Windows 8 Consumer Preview now available at the link below:

Download Windows 8 Consumer Preview

Note that if you want an ISO version you can get it here.


----------



## Rio Pauline (Feb 28, 2012)

Do I need an activation to enhance the performance of this Operating System?


Where can I get one?

I love the color and themes it's eye refreshing.opcorn:


----------



## henrydoown (Feb 9, 2012)

It's relay eye catch performance.and i need activation.


----------



## VirGnarus (Jun 28, 2010)

You _may_ need to activate after several days/weeks before it starts crippling your Windows and eventually preventing access.
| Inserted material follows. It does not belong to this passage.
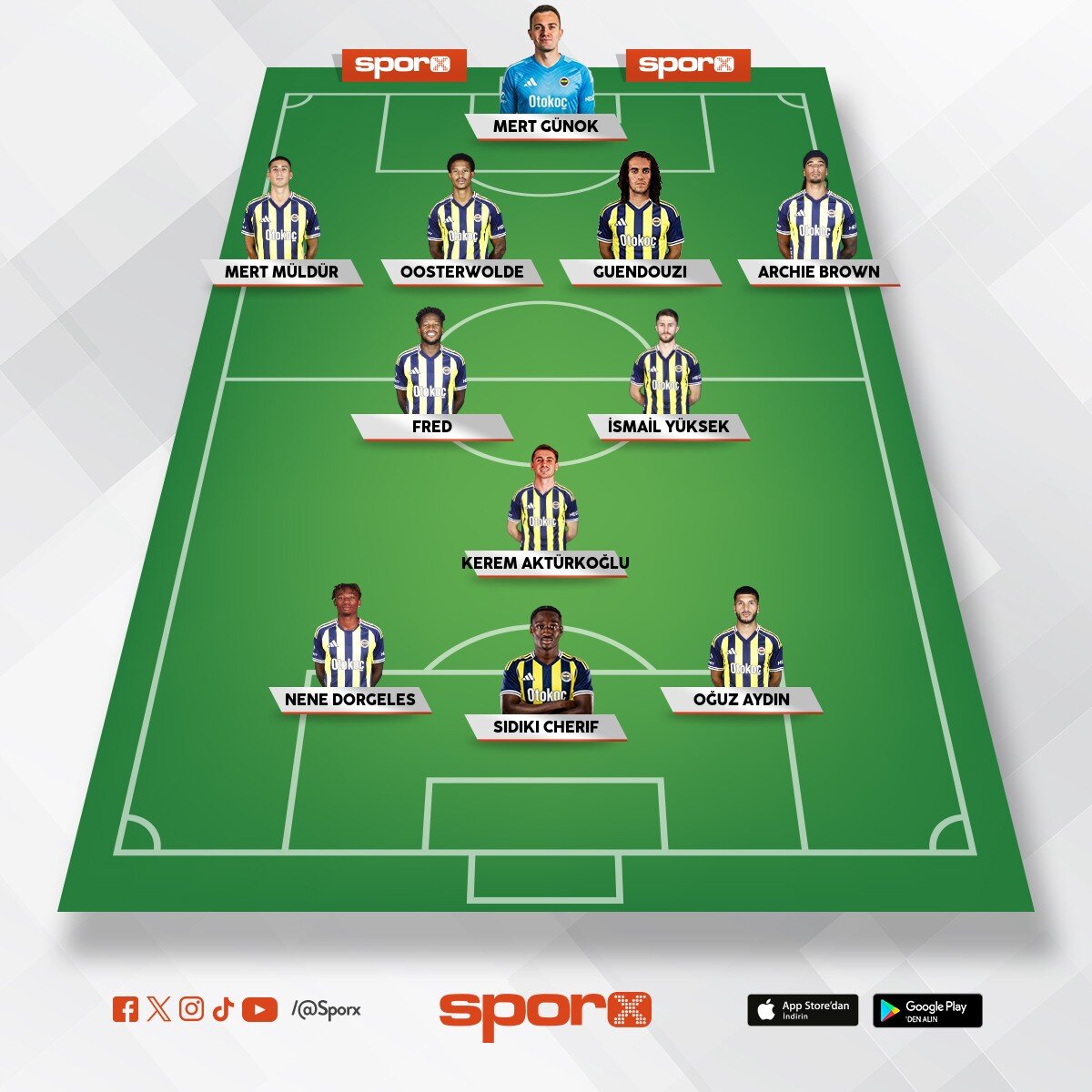 Ziraat T�rkiye kupas� ma��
Activation is fine as long as you have internet access, as the public key mentioned on the website will work.


----------



## bocamack (Mar 12, 2012)

My main problem is my HP printer, software wont load. HP couldn't do anything. Can MS help Windows 8 support?


----------



## RSoD (Mar 16, 2012)

> If you install Windows 8 Consumer Preview using the Windows 8 Consumer Preview Setup program, you won't need to enter a product key—the setup program automatically provides the product key. If you create installation media, start your PC from the media, and then install Windows 8 Consumer Preview. You'll need to enter this product key: DNJXJ-7XBW8-2378T-X22TX-BKG7J.
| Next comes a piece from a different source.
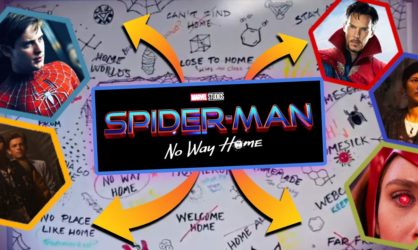 Spider man no Way home/Человек Паук 3: Нет пути Домой!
Directly from MS Windows 8 FAQ.

@bocamack: This is a preview, none of the manufacturers have stable drivers yet.


----------



## brent.charlebois (May 8, 2007)

I read the same thing about Vista..."if you want to buy a new computer wait for windows vista"...Is 8 going to be another disaster?


----------



## Gdn8Melbourne (Oct 28, 2011)

Can one use this preview as long he wants? Or it will need activation like trials after somedays?


----------



## matt_obrien (Apr 3, 2012)

VirGnarus said:


> Windows 8 Consumer Preview now available at the link below:
> 
> Download Windows 8 Consumer Preview
> 
> Note that if you want an ISO version you can get it here.


Thank you for posting the link here. I'm planning to upgrade my OS from vista to win7 and boot win8 in it.


----------



## CriticalPoint (Feb 9, 2008)

BrentC said:


> I read the same thing about Vista..."if you want to buy a new computer wait for windows vista"...Is 8 going to be another disaster?


I looked, but it doesn't have it's own WIKI yet, so I doubt it! :rofl:

Criticism of Windows Vista - Wikipedia, the free encyclopedia


----------